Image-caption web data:
------------------------------------

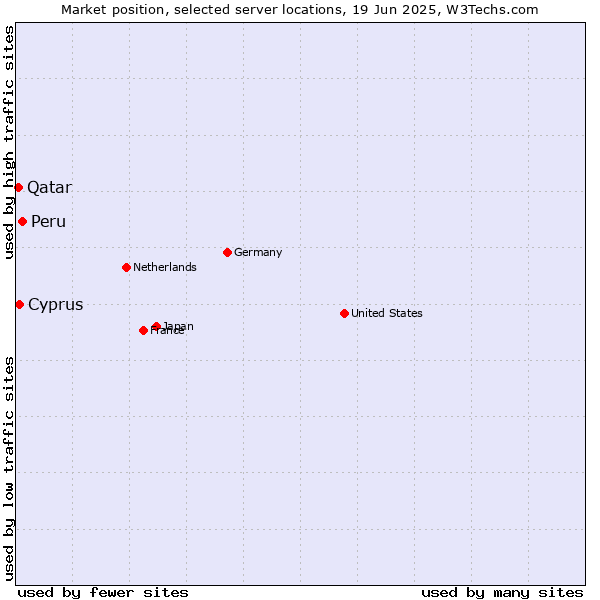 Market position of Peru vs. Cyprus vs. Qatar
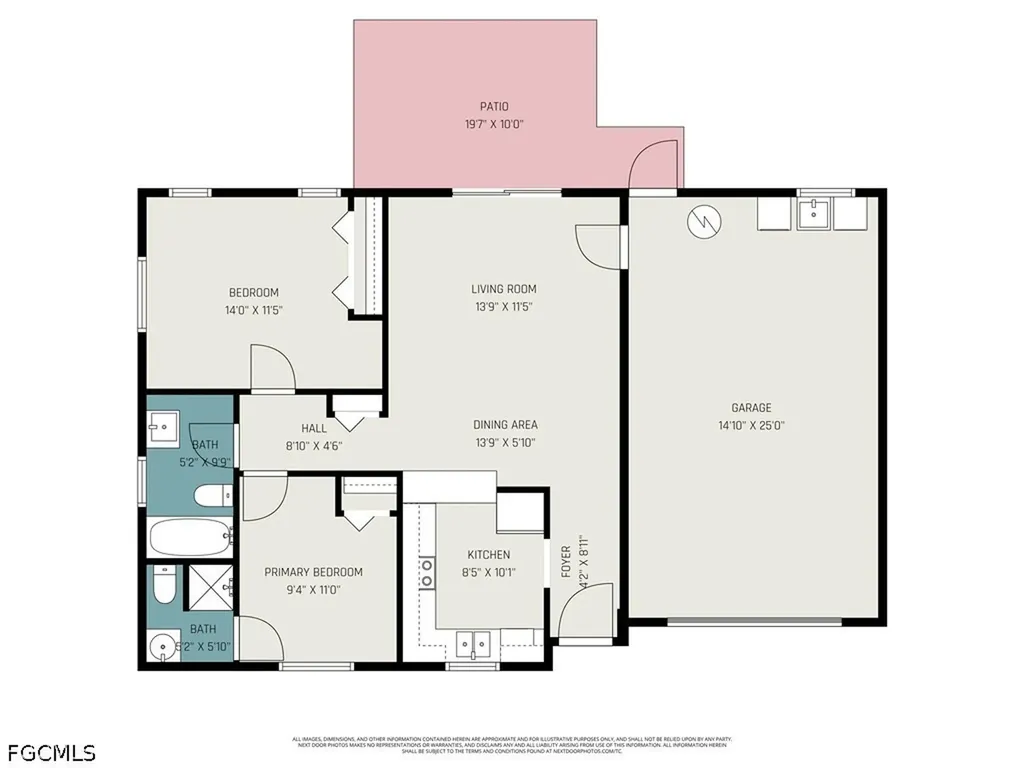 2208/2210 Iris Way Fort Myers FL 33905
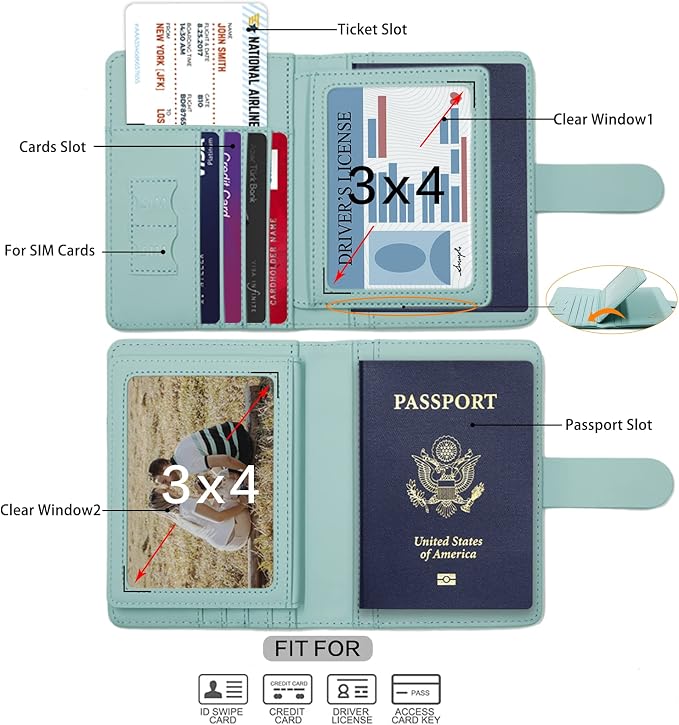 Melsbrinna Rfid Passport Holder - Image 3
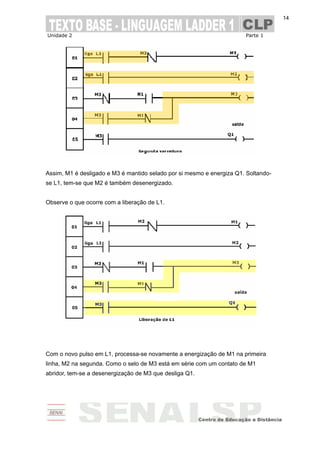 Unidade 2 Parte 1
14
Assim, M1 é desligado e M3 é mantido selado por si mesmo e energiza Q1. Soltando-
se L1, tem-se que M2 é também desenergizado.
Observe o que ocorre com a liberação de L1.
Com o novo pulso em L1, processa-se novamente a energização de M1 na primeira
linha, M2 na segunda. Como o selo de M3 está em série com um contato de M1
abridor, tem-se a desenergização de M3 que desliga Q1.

------------------------------------

Output the line containing "Com o novo pulso" together with all later lines of the entries, exactly as written, through the final line.

● Task output:
Com o novo pulso em L1, processa-se novamente a energização de M1 na primeira
linha, M2 na segunda. Como o selo de M3 está em série com um contato de M1
abridor, tem-se a desenergização de M3 que desliga Q1.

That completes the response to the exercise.